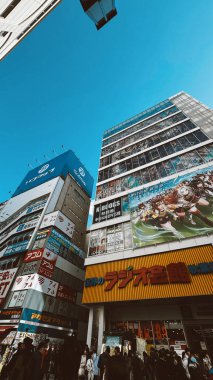 Yokohama, Japonya. 20 Mart 2024: Şehir manzarası modern binalar ve mavi gökyüzü.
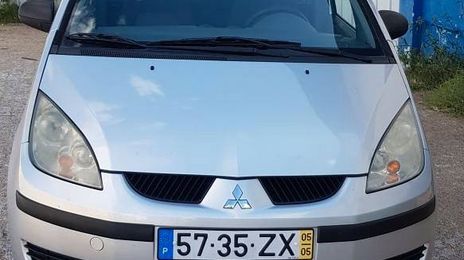 Mitsubishi Colt • 2005 • 299,000 km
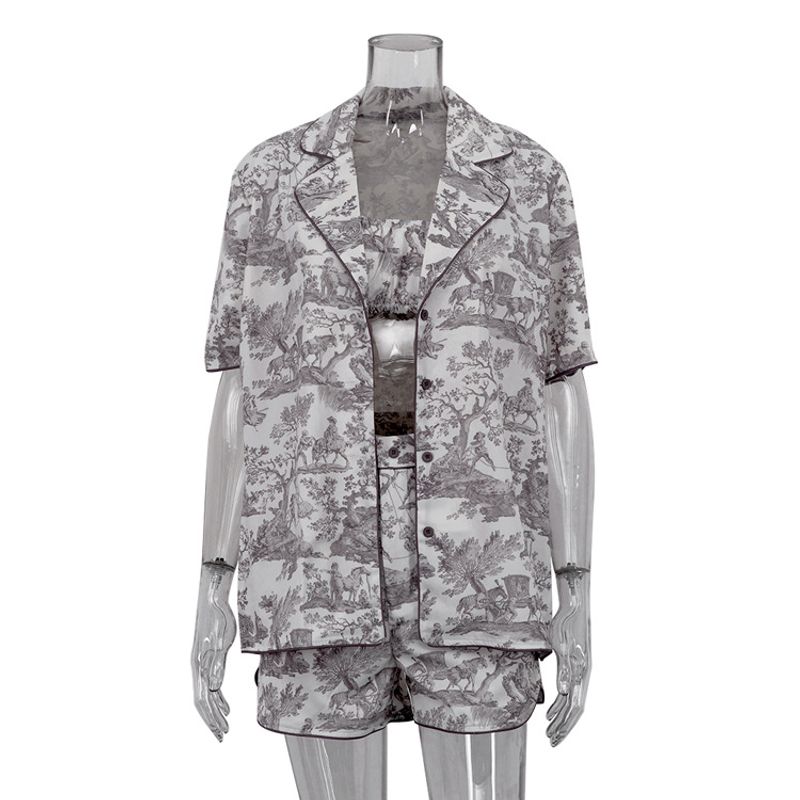 Printed Collar Cardigan Shorts Set Print Lapel Short sleeve Cardigan Shorts Set Women Grey (three-piece) L
Printed Collar Cardigan Shorts Set Print Lapel Short sleeve Cardigan Shorts Set Women Grey (three-piece) L
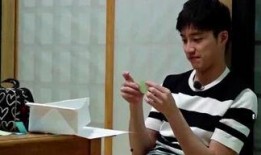 娱乐吃瓜酱胡雷,娱乐吃瓜酱的麻辣点评，揭秘娱乐圈幕后故事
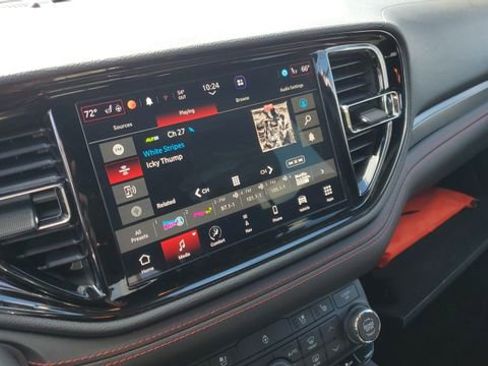 Certified 2023 Dodge Durango R/T w/ Tow 'N Go Package AWD/4WD image 15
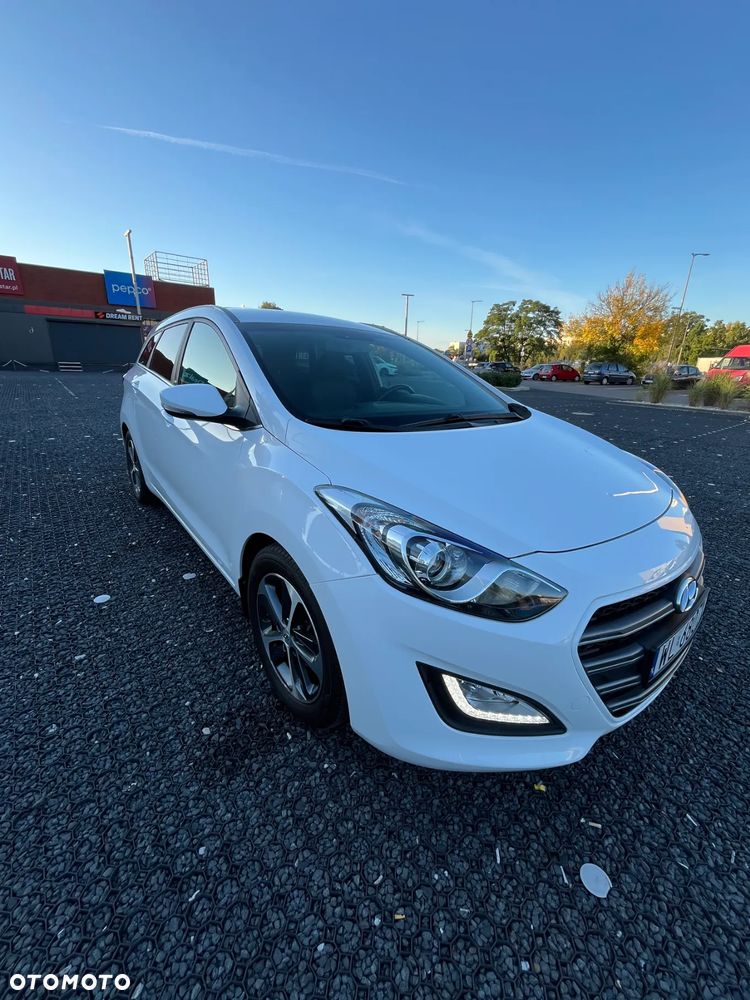 Hyundai i30 blue Kombi 1.6 GDi DCT Passion - 6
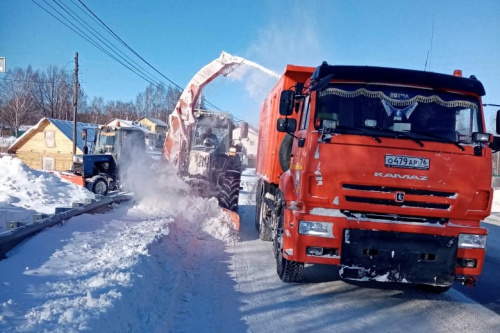 Последствия снегопада на дорогах области в выходные ликвидировали около 400 единиц техники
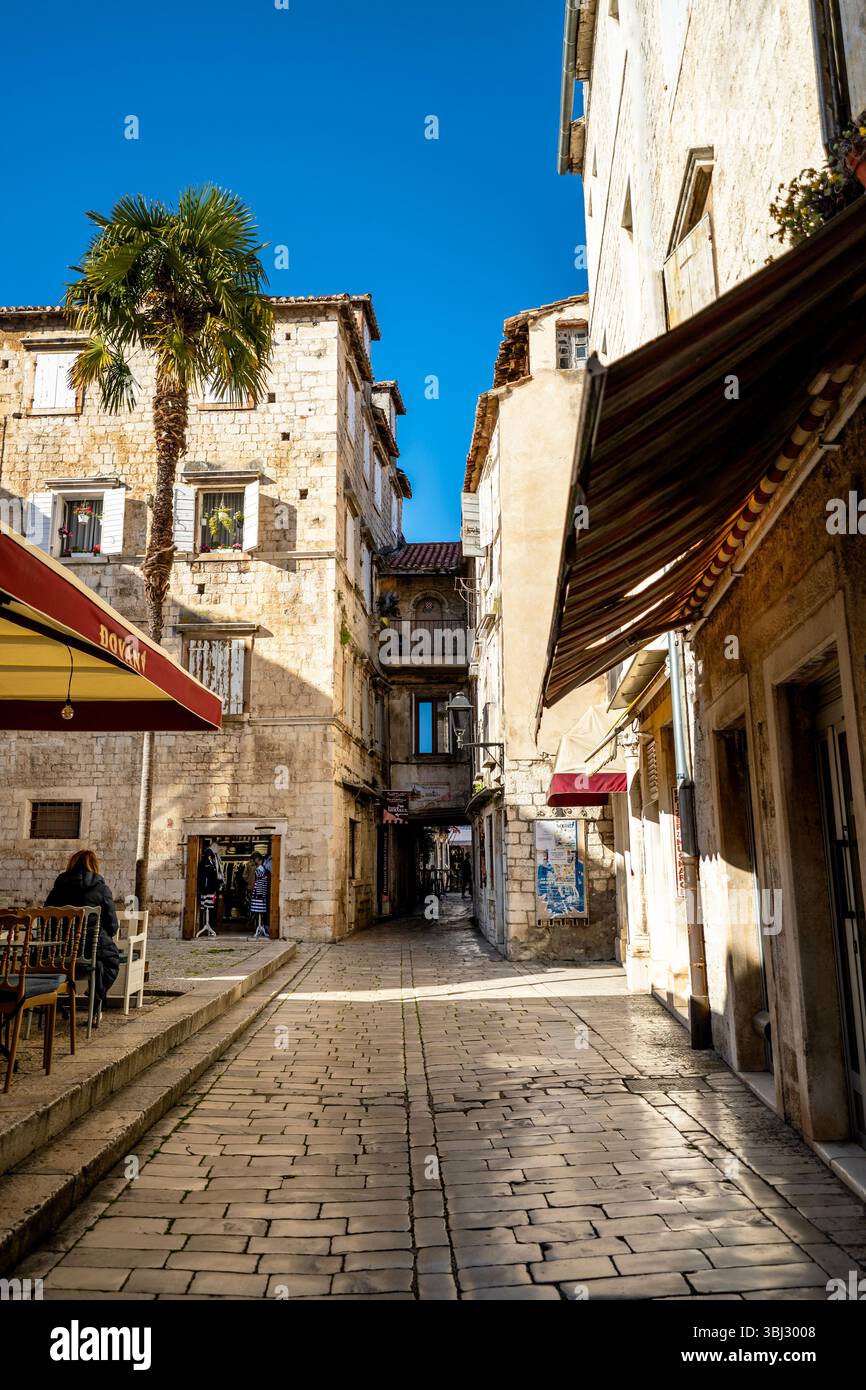 Romanisches quadratisches Portal in Trogir, Kroatien. Stockfoto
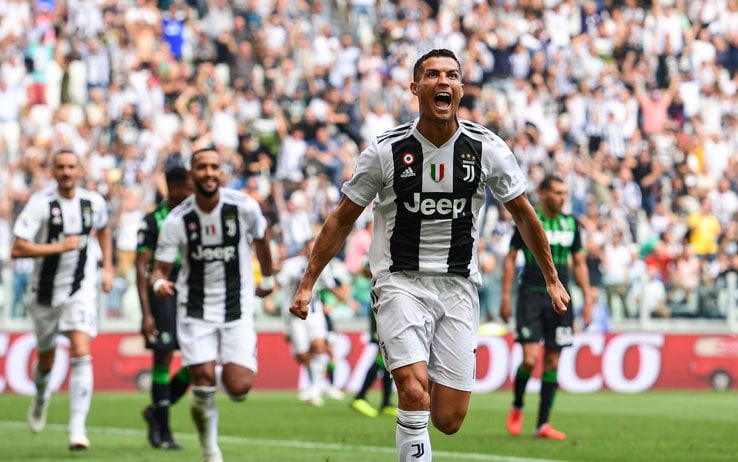 Juve Sassuolo 2-1: Cristiano Ronaldo doppietta, prime reti italiane. Gol e  highlights | Sky Sport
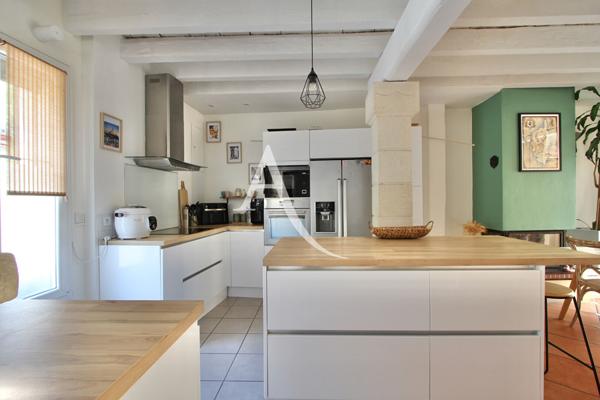 LANSARGUES CENTRE VILLE - MAISON DE VILLE RÉNOVÉE - 170 M2 - 3 CHAMBRES AVEC POSSIBILITE 4EME - 2 SDB - VASTE PIÈCE MULTIMÉDIA - BUANDERIE - COUR - TROPÉZIENNE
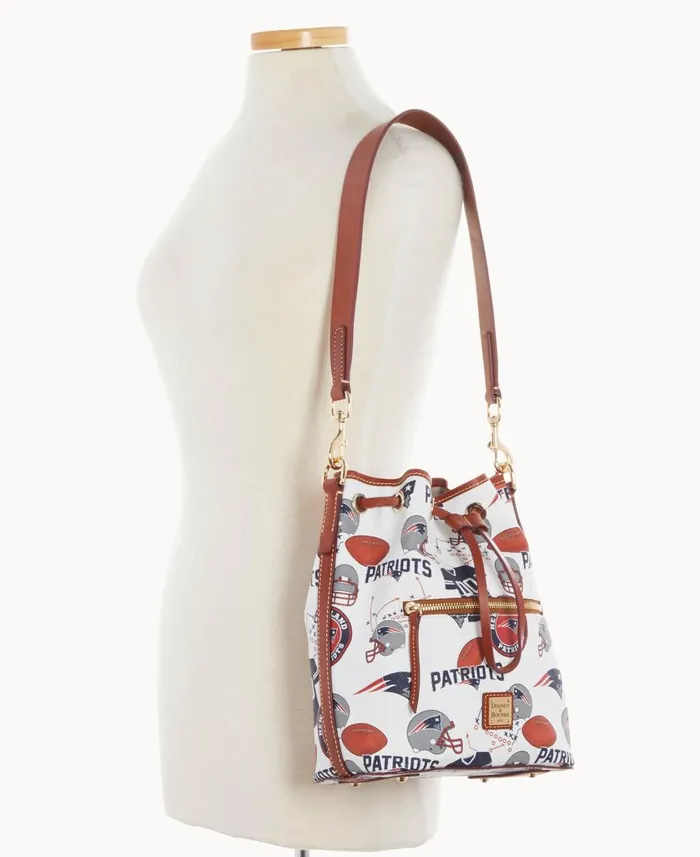 Woman NFL Patriots Drawstring Patriots Dooney and Bourke Shoulder Bags Woman NFL Patriots Drawstring Patriots Dooney and Bourke Shoulder Bags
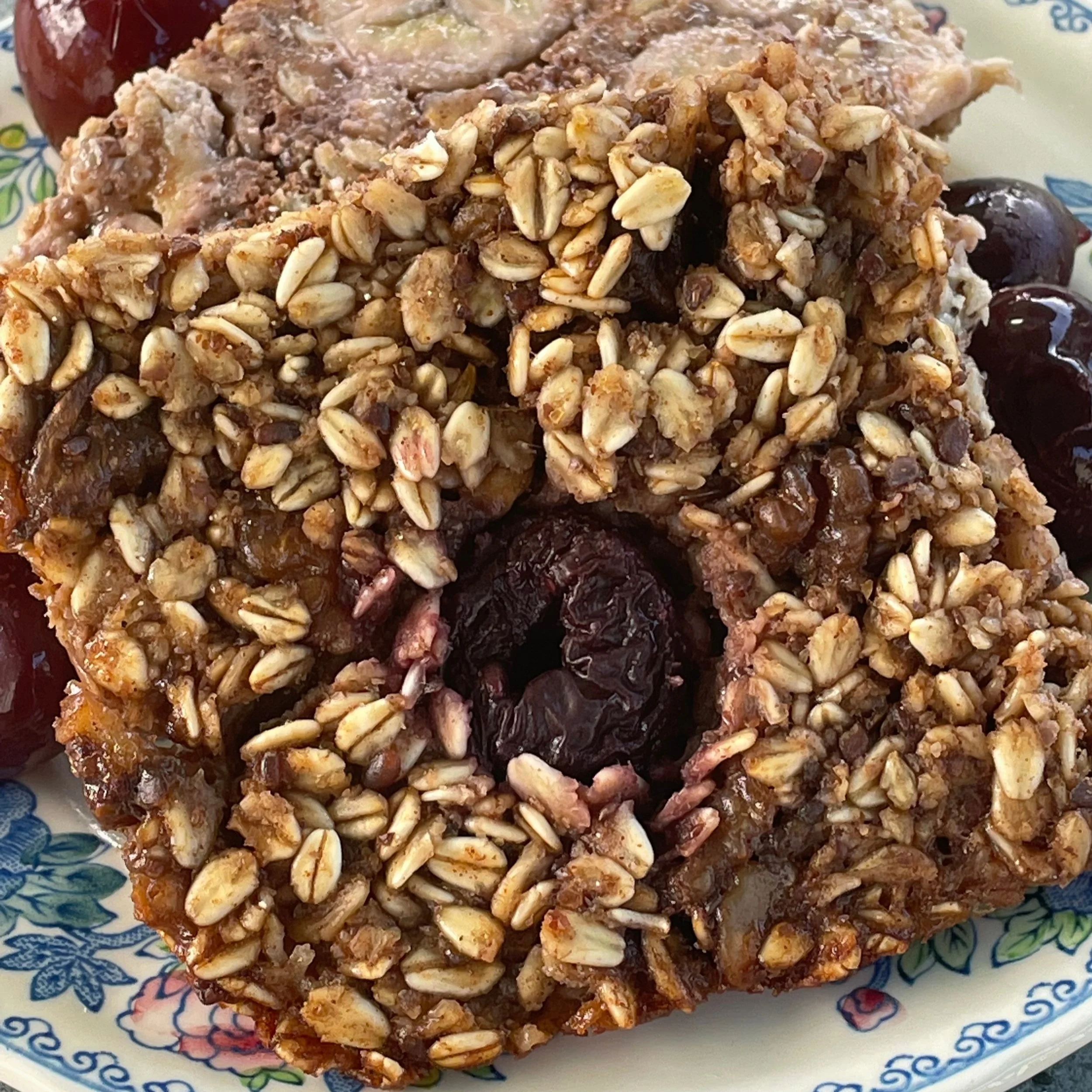 CHERRY &amp; BANANA BAKED OAT SLICE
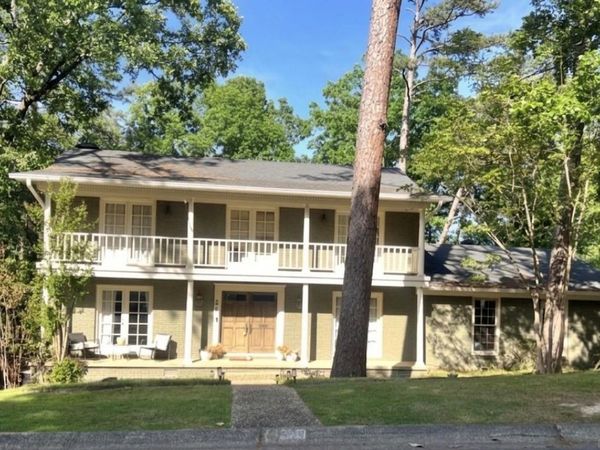 24 Huntington Road, Little Rock, AR 72227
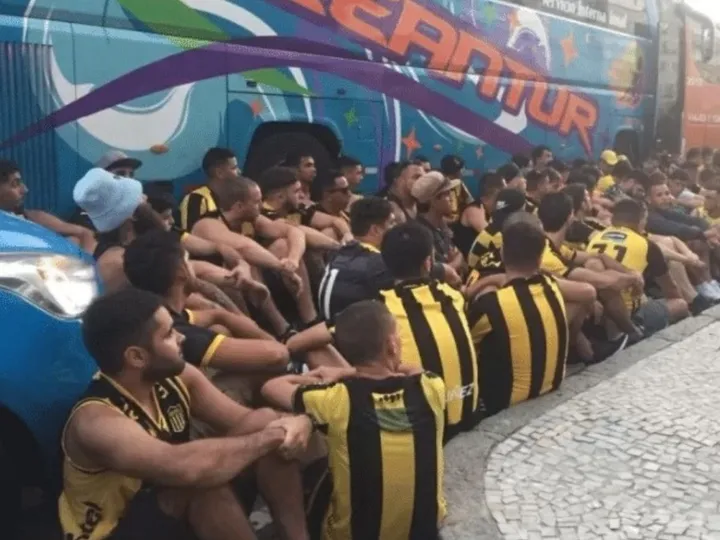 Uruguaios detidos antes de Flamengo x Pe&ntilde;arol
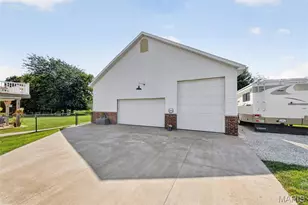 224 Bennington Dr, Troy, MO 63379 - Photo 46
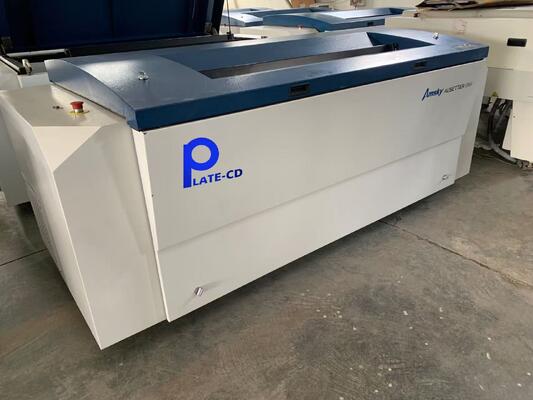 Konfigurowalna półautomatyczna maszyna do drukowania płyt CTCP z lampą UV, charakteryzująca się przyjaznym dla użytkownika designem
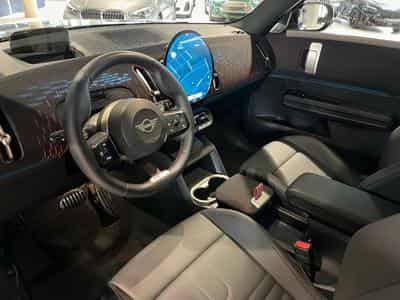 MINI John Cooper Works Co Countryman All4 John Cooper Works (2025) - Photo 10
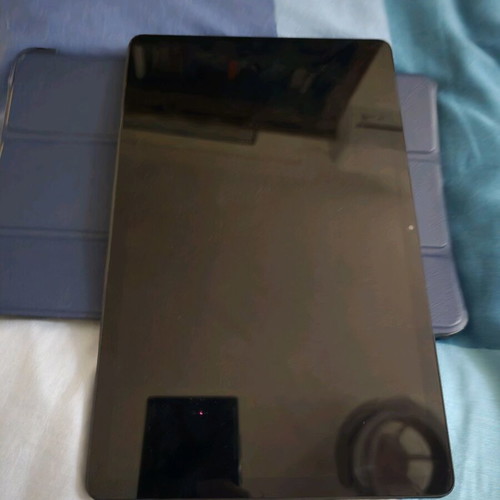 Xiaomi Redmi Pad 10.61" tablet like new, 4GB/128GB with case and stand
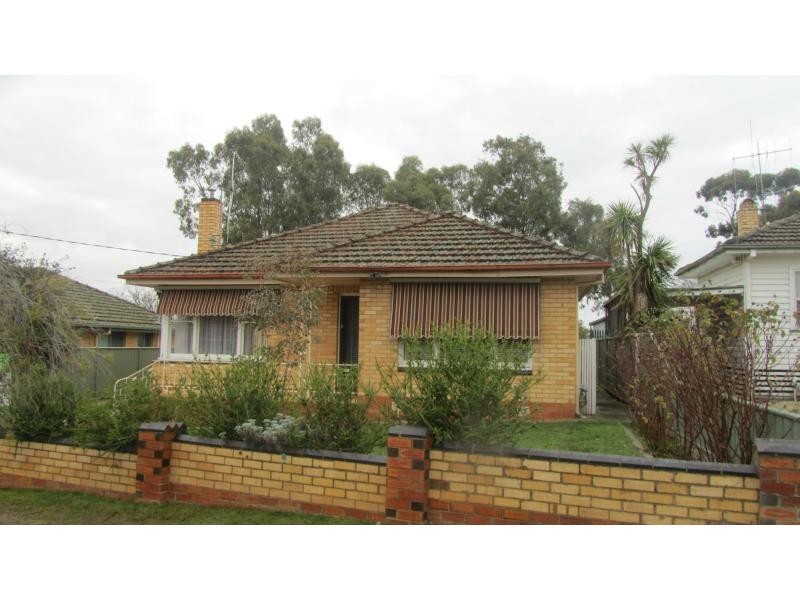 9 Graham Street, Kangaroo Flat VIC 3555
○ ○ ○ ○ ○ ○ ○
**Activity**
Apart from the images, every line above is to be given again exactly.

**Exercise result**
 Yokohama, Japonya. 20 Mart 2024: Şehir manzarası modern binalar ve mavi gökyüzü.
 Mitsubishi Colt • 2005 • 299,000 km
 Printed Collar Cardigan Shorts Set Print Lapel Short sleeve Cardigan Shorts Set Women Grey (three-piece) L
Printed Collar Cardigan Shorts Set Print Lapel Short sleeve Cardigan Shorts Set Women Grey (three-piece) L
 娱乐吃瓜酱胡雷,娱乐吃瓜酱的麻辣点评，揭秘娱乐圈幕后故事
 Certified 2023 Dodge Durango R/T w/ Tow 'N Go Package AWD/4WD image 15
 Hyundai i30 blue Kombi 1.6 GDi DCT Passion - 6
 Последствия снегопада на дорогах области в выходные ликвидировали около 400 единиц техники
 Romanisches quadratisches Portal in Trogir, Kroatien. Stockfoto
 Juve Sassuolo 2-1: Cristiano Ronaldo doppietta, prime reti italiane. Gol e  highlights | Sky Sport
 LANSARGUES CENTRE VILLE - MAISON DE VILLE RÉNOVÉE - 170 M2 - 3 CHAMBRES AVEC POSSIBILITE 4EME - 2 SDB - VASTE PIÈCE MULTIMÉDIA - BUANDERIE - COUR - TROPÉZIENNE
 Woman NFL Patriots Drawstring Patriots Dooney and Bourke Shoulder Bags Woman NFL Patriots Drawstring Patriots Dooney and Bourke Shoulder Bags
 CHERRY &amp; BANANA BAKED OAT SLICE
 24 Huntington Road, Little Rock, AR 72227
 Uruguaios detidos antes de Flamengo x Pe&ntilde;arol
 224 Bennington Dr, Troy, MO 63379 - Photo 46
 Konfigurowalna półautomatyczna maszyna do drukowania płyt CTCP z lampą UV, charakteryzująca się przyjaznym dla użytkownika designem
 MINI John Cooper Works Co Countryman All4 John Cooper Works (2025) - Photo 10
 Xiaomi Redmi Pad 10.61" tablet like new, 4GB/128GB with case and stand
 9 Graham Street, Kangaroo Flat VIC 3555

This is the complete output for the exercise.